Exercise requirements: A verbatim reproduction of the lines below, from the line containing "پانسیون La Butuci" through the line containing "incepe tiff 2013", both ends included, is the whole required output.

Raw data:
::::

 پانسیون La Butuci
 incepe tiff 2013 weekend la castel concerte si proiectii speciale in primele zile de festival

::::

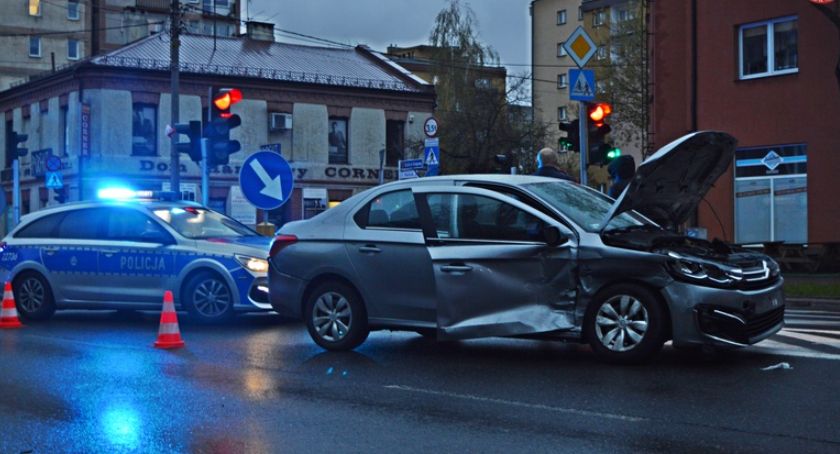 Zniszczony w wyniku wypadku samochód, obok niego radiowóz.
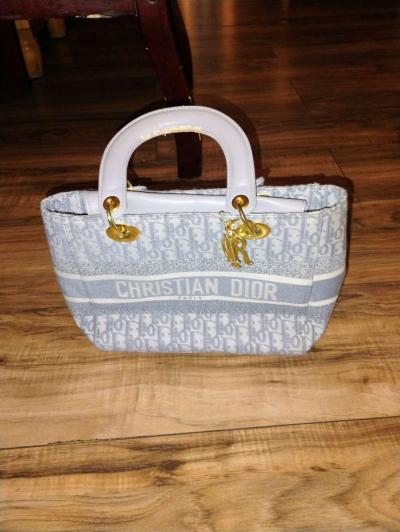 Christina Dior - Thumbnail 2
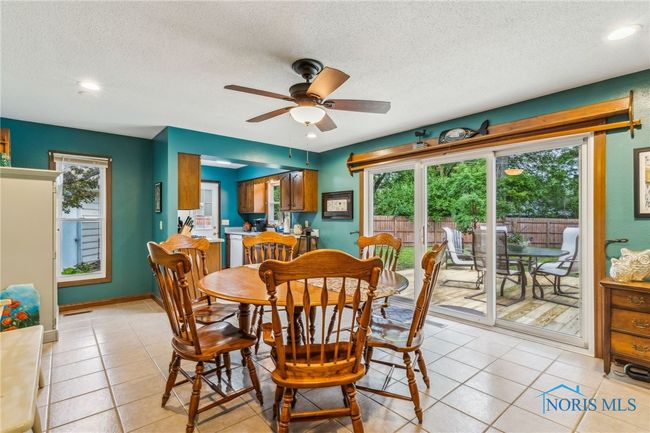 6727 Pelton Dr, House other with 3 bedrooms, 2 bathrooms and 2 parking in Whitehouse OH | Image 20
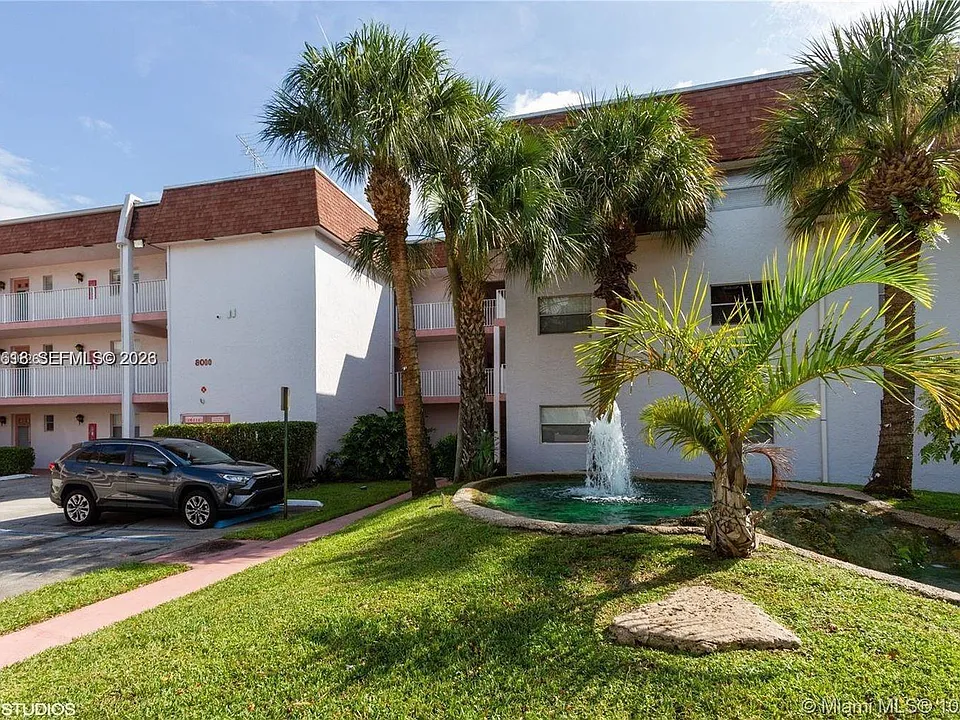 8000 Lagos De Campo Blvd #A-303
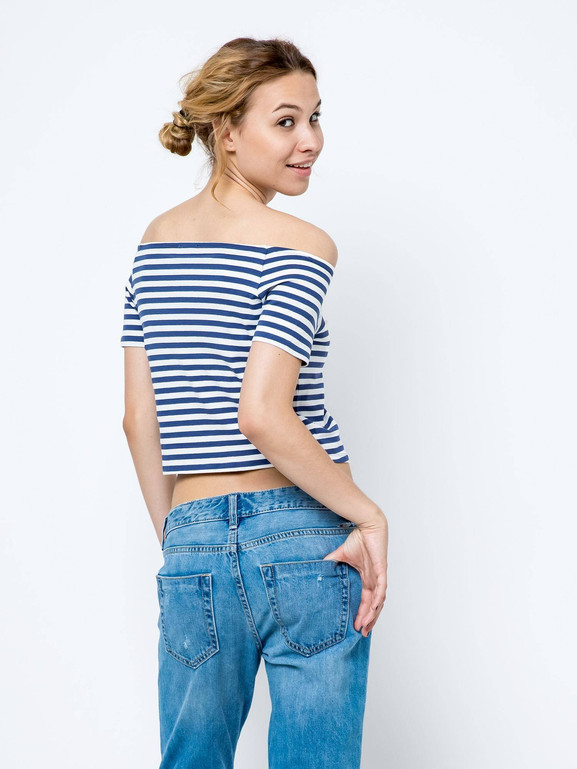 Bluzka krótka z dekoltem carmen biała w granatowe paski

::::

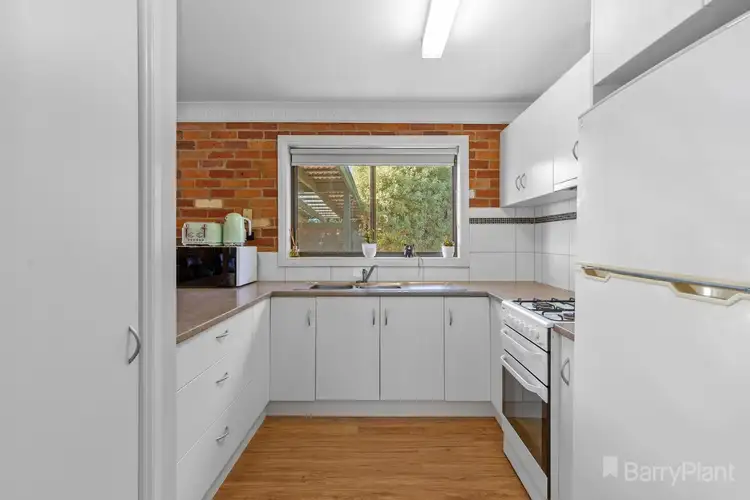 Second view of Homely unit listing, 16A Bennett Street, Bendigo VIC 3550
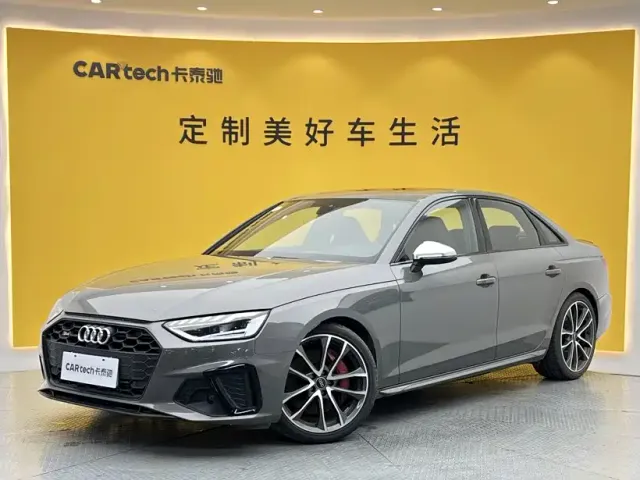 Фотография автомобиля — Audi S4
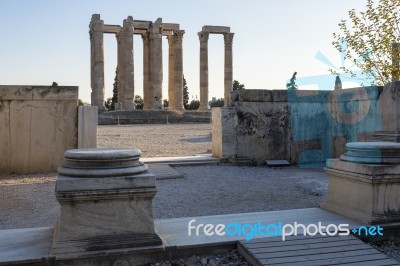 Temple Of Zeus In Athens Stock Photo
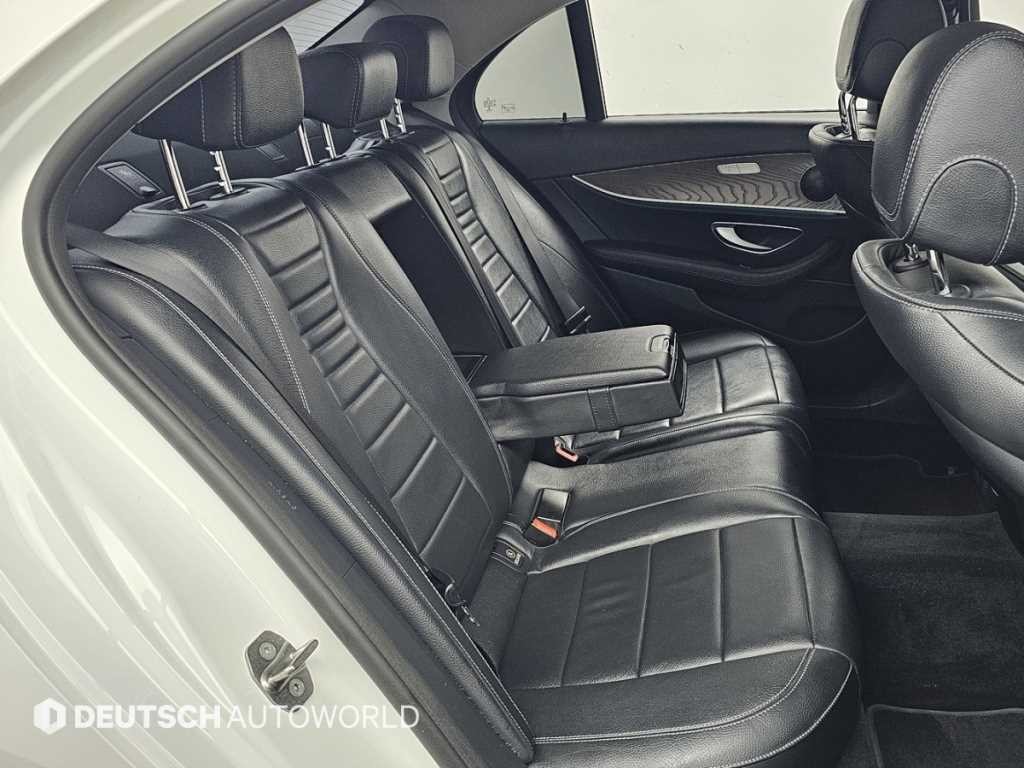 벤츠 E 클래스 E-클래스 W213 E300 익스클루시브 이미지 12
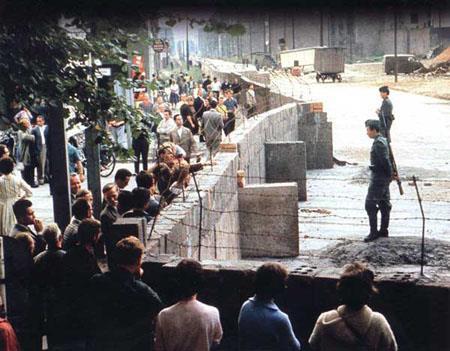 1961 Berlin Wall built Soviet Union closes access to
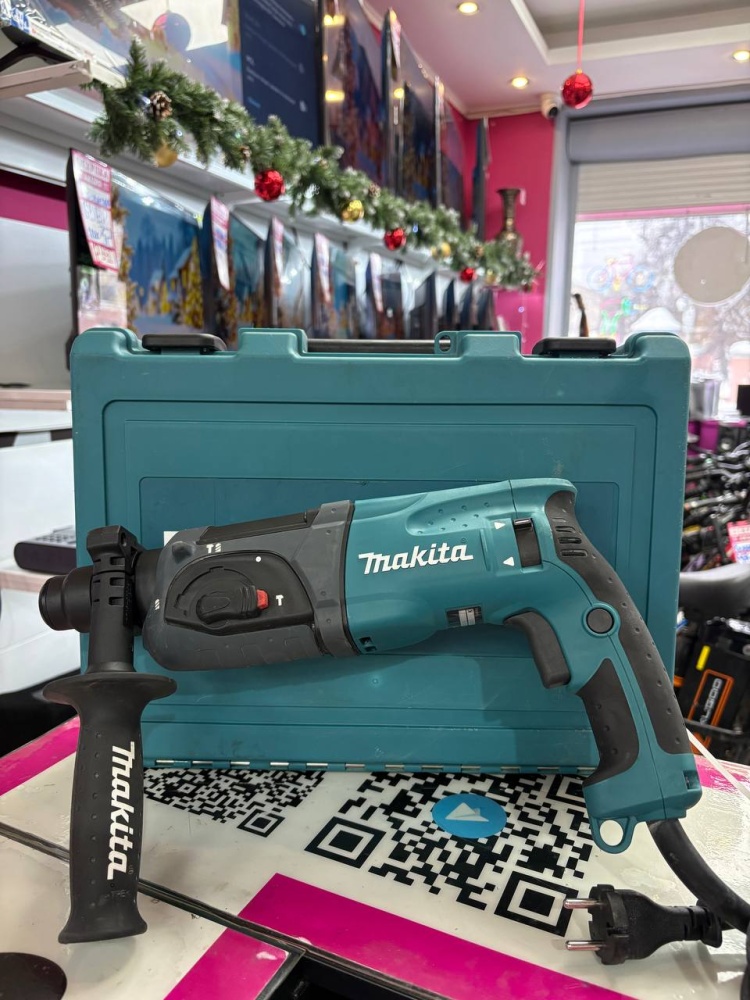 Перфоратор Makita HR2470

::::

Exercise output:
 پانسیون La Butuci
 incepe tiff 2013 weekend la castel concerte si proiectii speciale in primele zile de festival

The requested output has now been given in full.